RECORDS TO USE
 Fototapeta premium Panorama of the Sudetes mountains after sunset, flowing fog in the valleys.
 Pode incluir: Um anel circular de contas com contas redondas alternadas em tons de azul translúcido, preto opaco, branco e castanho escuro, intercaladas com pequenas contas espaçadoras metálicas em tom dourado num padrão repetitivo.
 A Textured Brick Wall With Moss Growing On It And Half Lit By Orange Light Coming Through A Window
---
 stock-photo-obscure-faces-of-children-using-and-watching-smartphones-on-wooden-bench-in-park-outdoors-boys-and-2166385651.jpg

EXERCISE OBJECTIVE
Above are some lines. Repeat exactly, and only, those from the line that has "Fototapeta premium Panorama" through the line that has "A Textured Brick".

TASK OUTPUT
 Fototapeta premium Panorama of the Sudetes mountains after sunset, flowing fog in the valleys.
 Pode incluir: Um anel circular de contas com contas redondas alternadas em tons de azul translúcido, preto opaco, branco e castanho escuro, intercaladas com pequenas contas espaçadoras metálicas em tom dourado num padrão repetitivo.
 A Textured Brick Wall With Moss Growing On It And Half Lit By Orange Light Coming Through A Window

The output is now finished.